Looks like the "D" word is replacing the "R" word. Personally, I'm quite convinced that we are moving into a depression, not merely a recession.
Ed
--------------------------------------------------------------------------------
February 16, 2009
Op-Ed Columnist
Decade at Bernie’s
By PAUL KRUGMAN
By now everyone knows the sad tale of Bernard Madoff’s duped investors. They
looked at their statements and thought they were rich. But then, one day, they
discovered to their horror that their supposed wealth was a figment of someone
else’s imagination.
Unfortunately, that’s a pretty good metaphor for what happened to America as a
whole in the first decade of the 21st century.
Last week the Federal Reserve released the results of the latest Survey of
Consumer Finances, a triennial report on the assets and liabilities of American
households.

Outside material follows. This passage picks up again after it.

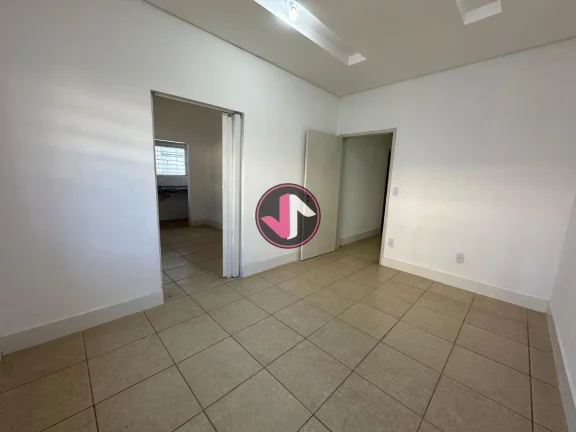 Imagem Aproveite essa oportunidade única de alugar um ponto comercial no coração de Cuiabá, no bairro C...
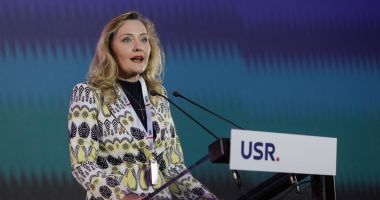 Stire din Politică-Administrație : USR cere comisie parlamentară de anchetă în cazul agresiunilor sexuale din sistemul de educație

The bottom line is that there has been basically no wealth creation
at all since the turn of the millennium: the net worth of the average American
household, adjusted for inflation, is lower now than it was in 2001.
At one level this should come as no surprise. For most of the last decade
America was a nation of borrowers and spenders, not savers. The personal
savings rate dropped from 9 percent in the 1980s to 5 percent in the 1990s, to
just 0.6 percent from 2005 to 2007, and household debt grew much faster than
personal income. Why should we have expected our net worth to go up?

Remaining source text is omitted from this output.